**DIRECTIONS:** With the pictures left out, write out exactly the lines of the listing below that run from the line with "Leinwandbild, Poster, Wandaufkleber" through the line with "Microgreens bazylia Dark".

**SOURCE DATA:**
....................

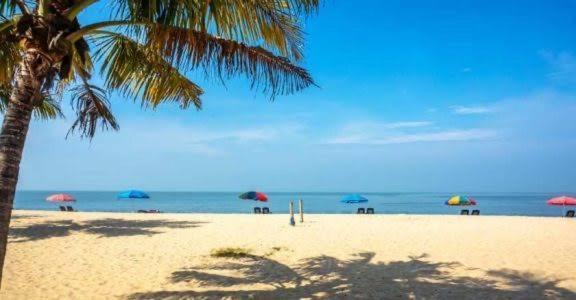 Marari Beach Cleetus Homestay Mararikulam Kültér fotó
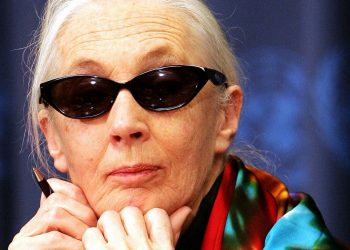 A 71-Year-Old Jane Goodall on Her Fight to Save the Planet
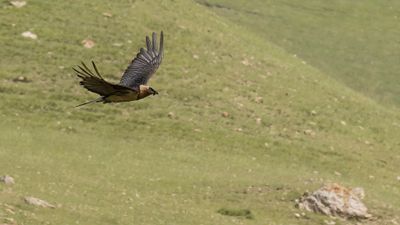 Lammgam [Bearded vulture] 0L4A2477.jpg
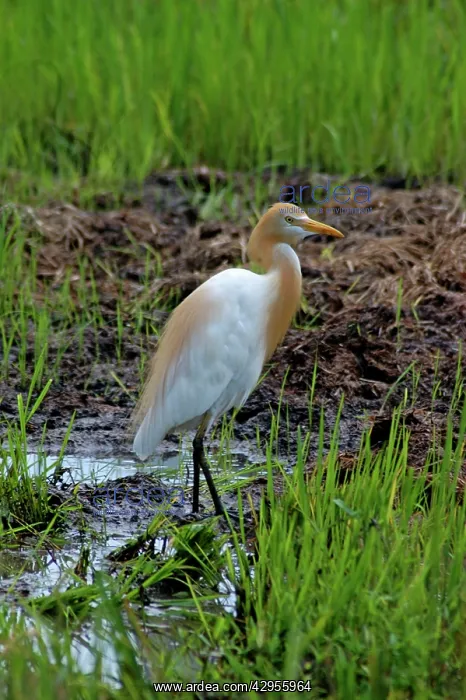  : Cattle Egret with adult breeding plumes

....................

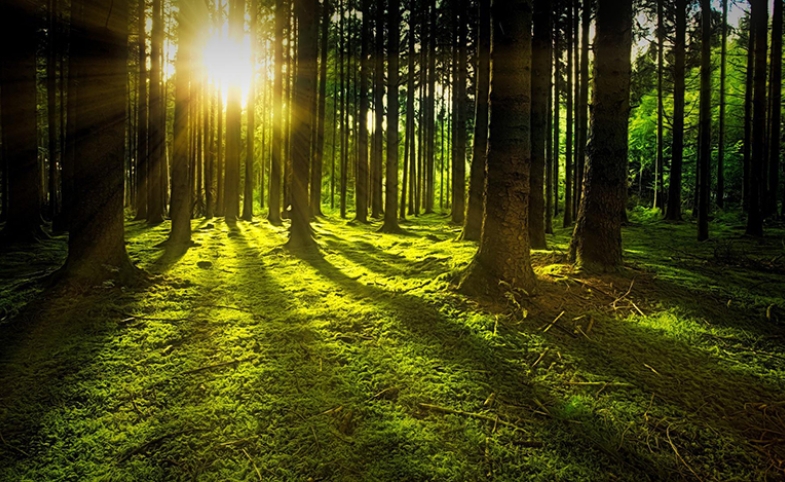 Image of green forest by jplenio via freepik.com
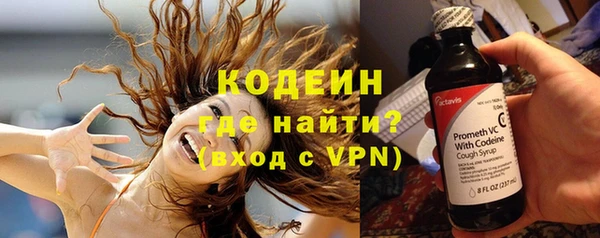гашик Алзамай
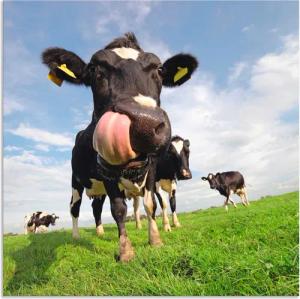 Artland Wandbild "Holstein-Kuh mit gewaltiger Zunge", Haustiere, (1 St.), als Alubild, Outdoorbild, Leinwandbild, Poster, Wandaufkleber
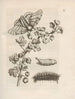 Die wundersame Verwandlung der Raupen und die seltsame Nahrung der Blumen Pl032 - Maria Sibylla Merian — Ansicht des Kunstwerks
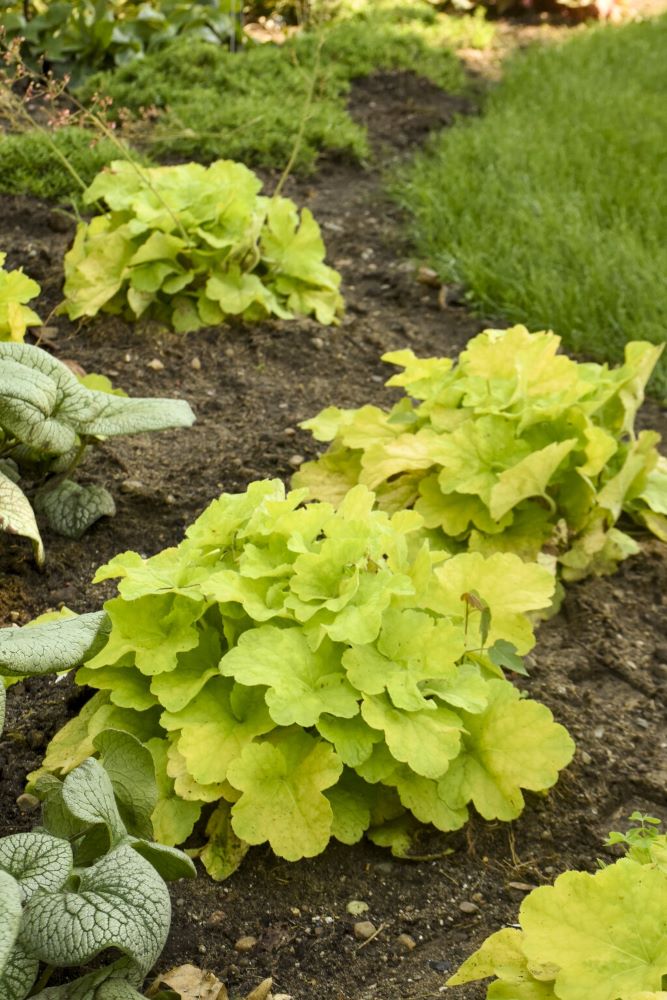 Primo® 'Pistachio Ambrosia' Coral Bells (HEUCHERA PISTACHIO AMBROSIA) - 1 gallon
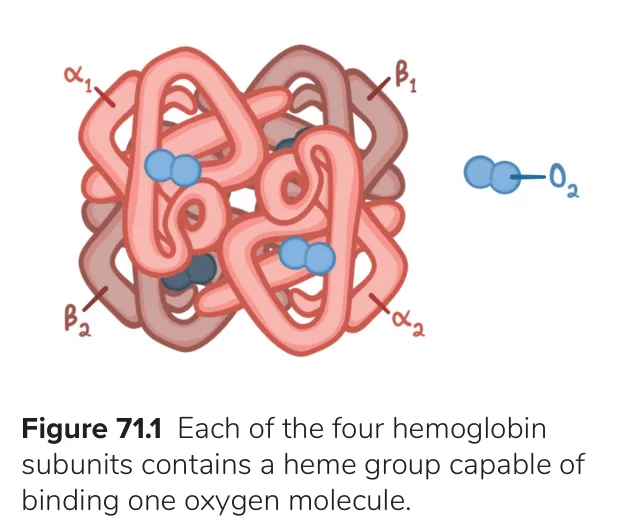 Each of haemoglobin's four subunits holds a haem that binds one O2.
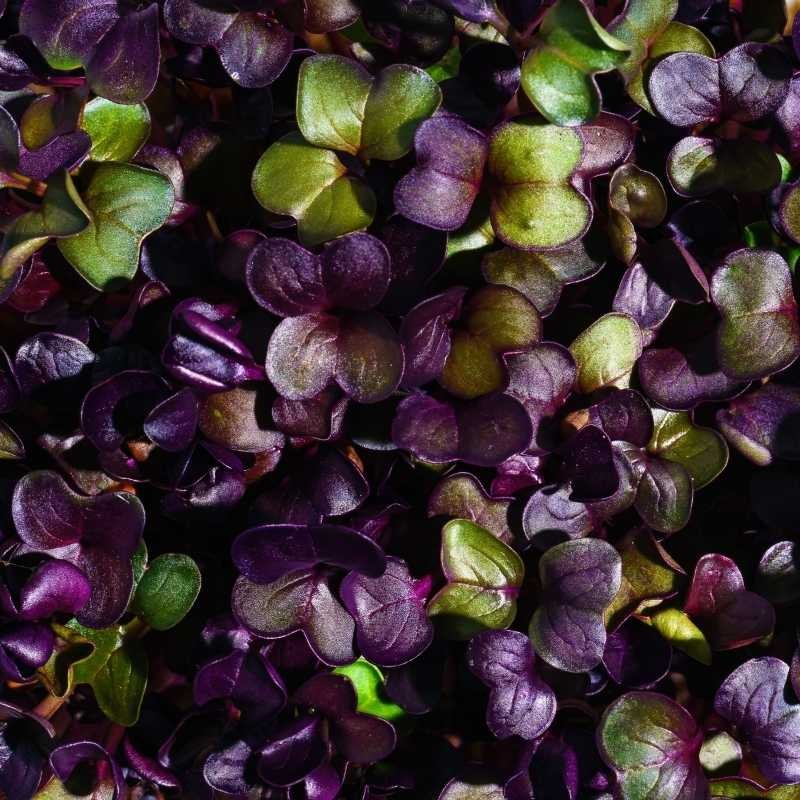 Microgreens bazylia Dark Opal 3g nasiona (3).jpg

....................

**EXERCISE OUTPUT:**
 Artland Wandbild "Holstein-Kuh mit gewaltiger Zunge", Haustiere, (1 St.), als Alubild, Outdoorbild, Leinwandbild, Poster, Wandaufkleber
 Die wundersame Verwandlung der Raupen und die seltsame Nahrung der Blumen Pl032 - Maria Sibylla Merian — Ansicht des Kunstwerks
 Primo® 'Pistachio Ambrosia' Coral Bells (HEUCHERA PISTACHIO AMBROSIA) - 1 gallon
 Each of haemoglobin's four subunits holds a haem that binds one O2.
 Microgreens bazylia Dark Opal 3g nasiona (3).jpg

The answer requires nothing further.